There are plenty of examples of Python libraries that can be performant such as NumPy and PyTorch (which both rely on C/C++). Some libraries such as Hugging Face's tokenizers even use Rust.
NumPy is a C library with Python frontend, moreover lots of functionality based on other existing C libraries like blas etc.
PyTorch, quoting themselves, is a Python binding into a monolithic C++ framework; also optionally depending on existing libs like mkl etc.
> You can write performant code in any language if you try.
Unfortunately, only to a certain extent. Sure, if you just need to multiply a handful of matrices and you want your blas ops to be blas'ed where the sheer size of data outweighs any of your actual code, it doesn't really matter. Once you need to implement lower-level logic, ie traversing and processing the data in some custom way, especially without eating extra memory, you're out of luck with Python/numpy and the rest.
I guess this is a pretty legitimate take, but in that case VectorDB looks like (from the got repo) it makes huge use of libraries like pytorch and numpy.
If numpy is fast but "doesn't count" because the operations aren't happening in python, then I guess VectorDB isn't in python either by that logic?
On the other hand, if it is in Python despite shipping operations out to C/C++ code, then I guess numpy shows that can be an effective approach?

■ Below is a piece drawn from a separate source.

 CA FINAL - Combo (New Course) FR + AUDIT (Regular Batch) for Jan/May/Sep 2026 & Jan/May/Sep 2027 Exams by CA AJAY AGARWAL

BLAS can be implemented in any language. In terms of LOC, most BLAS might be C libraries, but the best open source BLAS, BLIS, is totally structured around the idea of writing custom, likely assembly, kernels for a platform. So, FLOPs-wise it is probably more accurate to call it an assembly library.
LAPACK and other ancillary stuff could be Fortran or C.
Anyway, every language calls out to functions and runtimes, and compiles (or jits or whatever) down to lower level languages. I think it is just not that productive to attribute performance to particular languages. Numpy calls BLAS and LAPACK code, sure, but the flexibility of Python also provides a lot of value.
This is unfortunately not correct once you start pushing the boundaries requiring careful allocation of memory, CPU cache and COU itself, see this table:
I don't accept that. In the referenced article you're pulling in stuff which I believe is written in a different language (probably C). If you use native python, I'm sure you would accept it would be much slower and take up much more memory. So we have to disagree here.
Yes, pure Python is slower and takes up more memory. But that doesn't mean it can't be productive and performant using these types of strategies to speed up where necessary.
With respect, I think you're clouding things by trying to defend what is really defensible. Okay then.
> Where do you draw the line?
Drawing the line at native python, not pulling in packages that are written in another language. Packages written in python only are acceptable in this argument.
> But that doesn't mean it can't be productive and performant using these types of strategies to speed up where necessary.
No one said it couldn't. What we're saying is that it pure python is 'slow' and you need to escape from pure python to get the speedups.
I agree that pure Python isn't as fast as other options. Just comes down to a productivity tradeoff for developers. And it doesn't have to be one or the other.
I referenced this article below but will reference it again here too. https://neuml.hashnode.dev/building-an-efficient-sparse-keyw....
You can write performant code in any language if you try.